What is being asked ▸
With the pictures removed, set down all of the entries below exactly.

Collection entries
↓↓↓

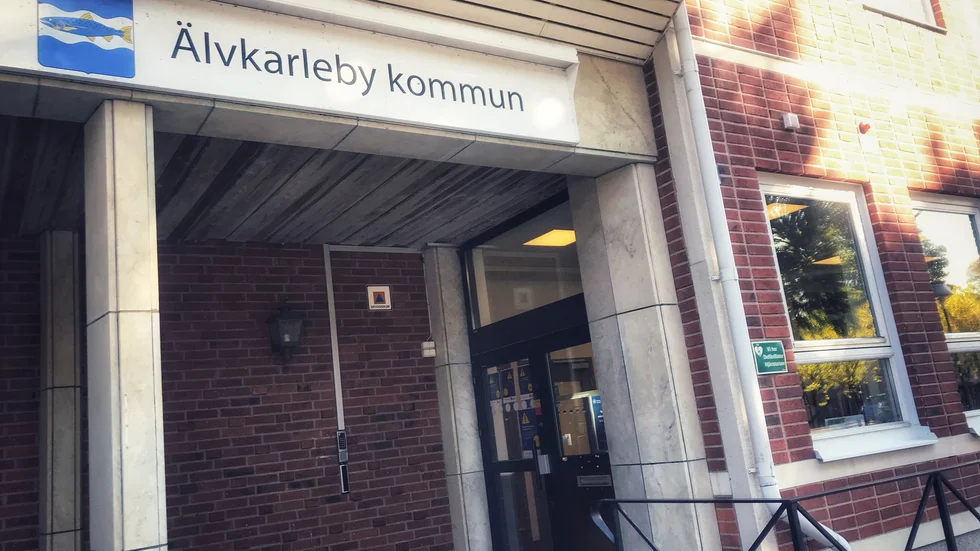 Två gånger per år, i maj och november, görs en genomgång av rutinerna inom personalgruppen. 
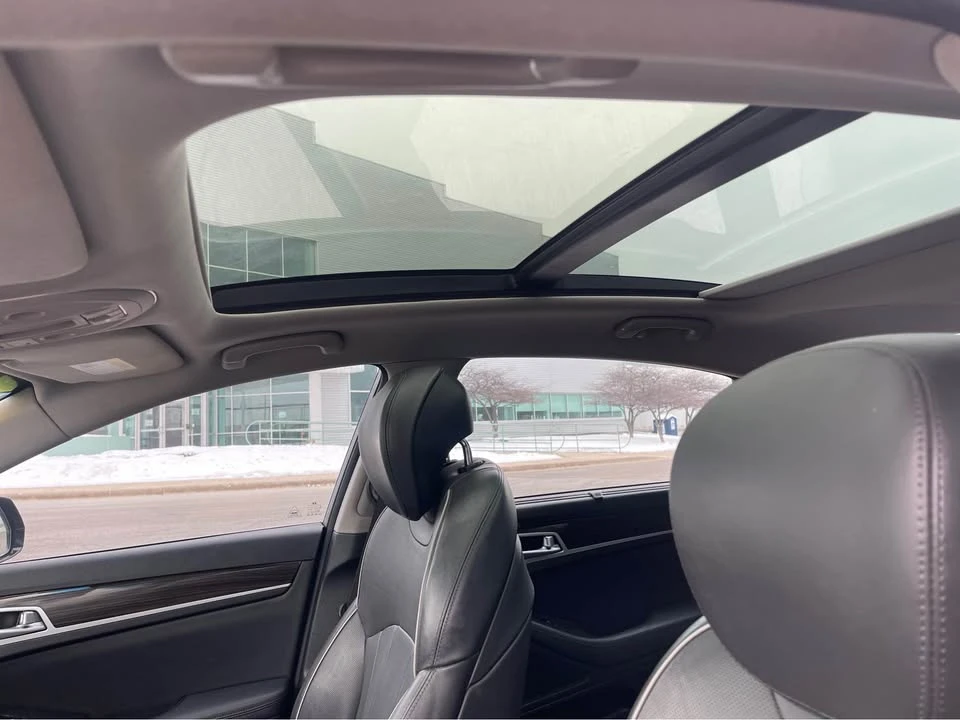 2015 Hyundai Genesis - Image 10 of 19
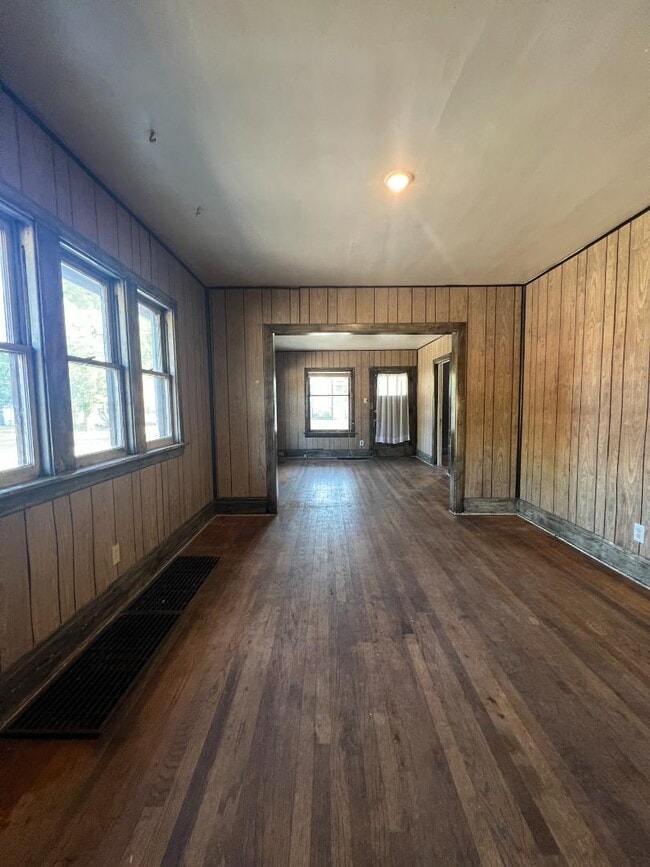 Building Photo - 2120 W Genesee Ave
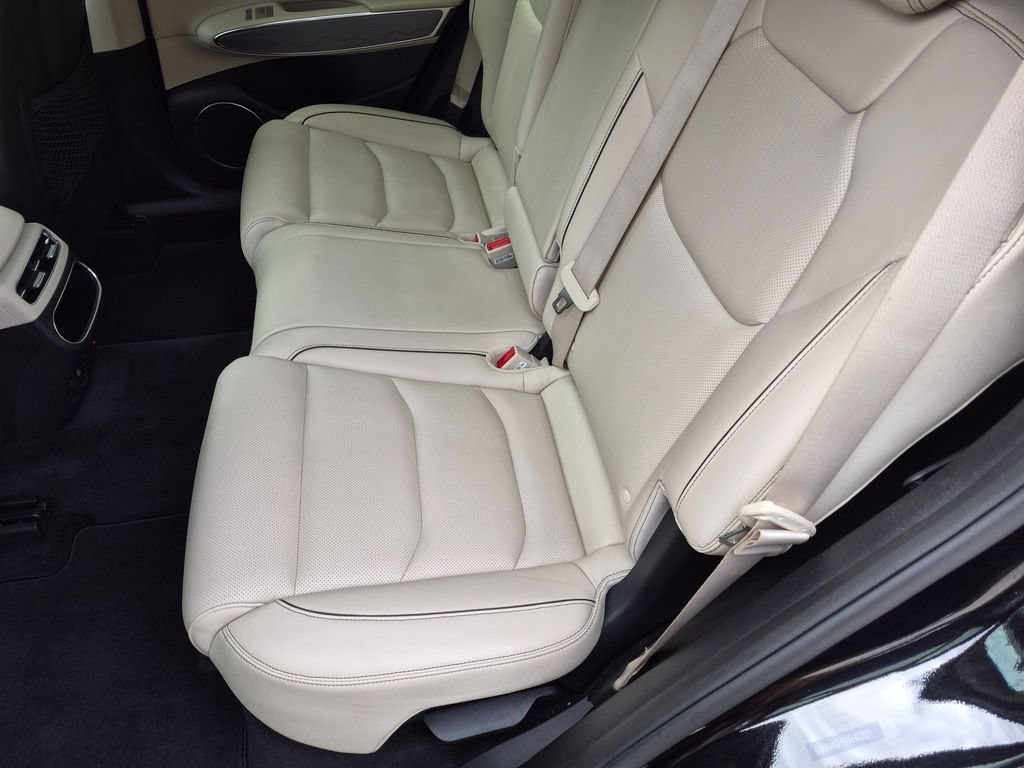 Used 2024 Genesis GV70 2.5T w/ Advanced Package AWD/4WD image 25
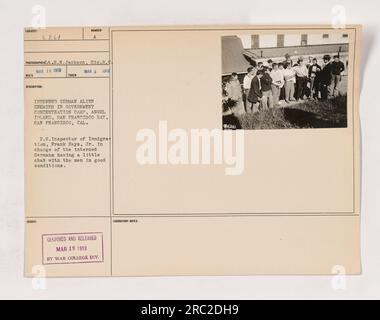 Deutsche Alien-Feinde internierten während des 1. Weltkriegs in einem Konzentrationslager der Regierung auf Angel Island in San Francisco Bay, Kalifornien Auf dem Foto, USA Der Einwanderungsinspektor, Frank Hays Jr., wird gesehen, wie er sich mit den internierten Deutschen unterhält. Das Bild wurde am 5. März 1918 aufgenommen und am 19. März 1918 von der Abteilung des war College veröffentlicht. Stockfoto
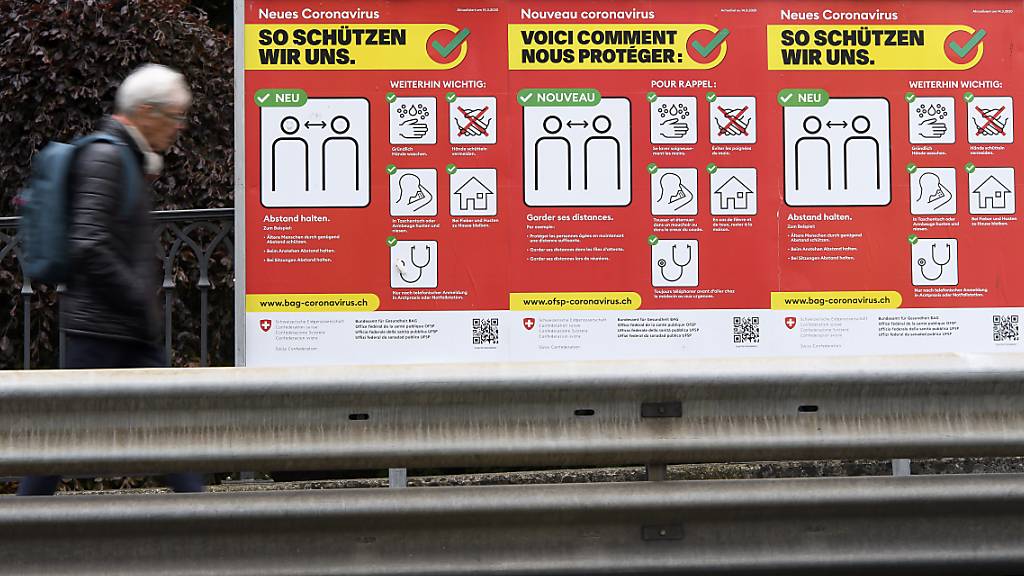 In der Schweiz und in Liechtenstein sind dem Bundesamt für Gesundheit (BAG) am Sonntag 475 neue Coronavirus-Ansteckungen und vier weitere Todesfälle innert eines Tages gemeldet worden.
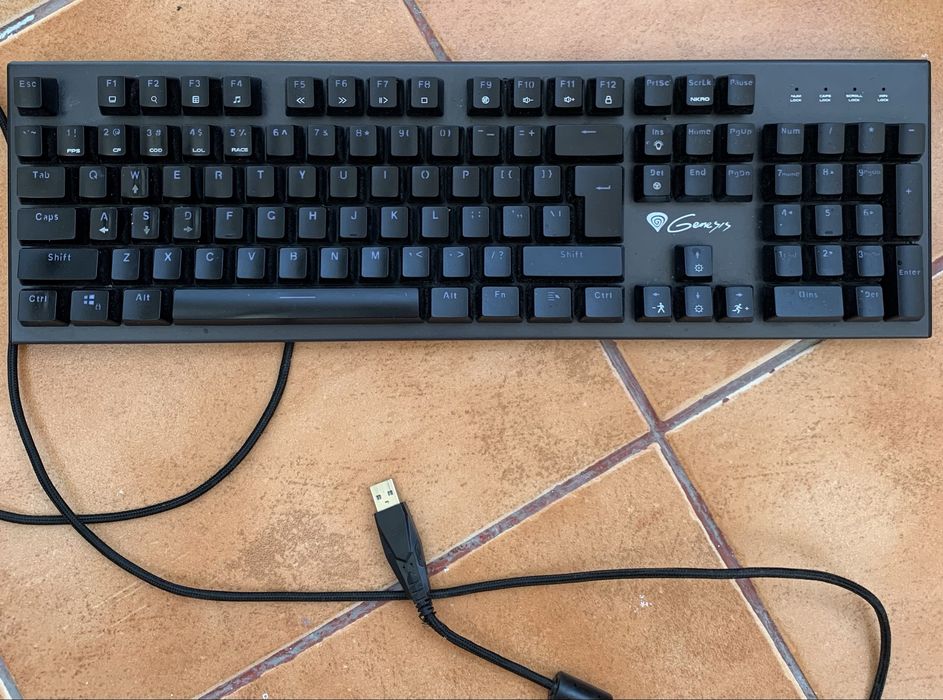 Tastatură mecanică Genesis Thor 300 RGB – Switch-uri Brown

↑↑↑

Result ▸
 Två gånger per år, i maj och november, görs en genomgång av rutinerna inom personalgruppen. 
 2015 Hyundai Genesis - Image 10 of 19
 Building Photo - 2120 W Genesee Ave
 Used 2024 Genesis GV70 2.5T w/ Advanced Package AWD/4WD image 25
 Deutsche Alien-Feinde internierten während des 1. Weltkriegs in einem Konzentrationslager der Regierung auf Angel Island in San Francisco Bay, Kalifornien Auf dem Foto, USA Der Einwanderungsinspektor, Frank Hays Jr., wird gesehen, wie er sich mit den internierten Deutschen unterhält. Das Bild wurde am 5. März 1918 aufgenommen und am 19. März 1918 von der Abteilung des war College veröffentlicht. Stockfoto
 In der Schweiz und in Liechtenstein sind dem Bundesamt für Gesundheit (BAG) am Sonntag 475 neue Coronavirus-Ansteckungen und vier weitere Todesfälle innert eines Tages gemeldet worden.
 Tastatură mecanică Genesis Thor 300 RGB – Switch-uri Brown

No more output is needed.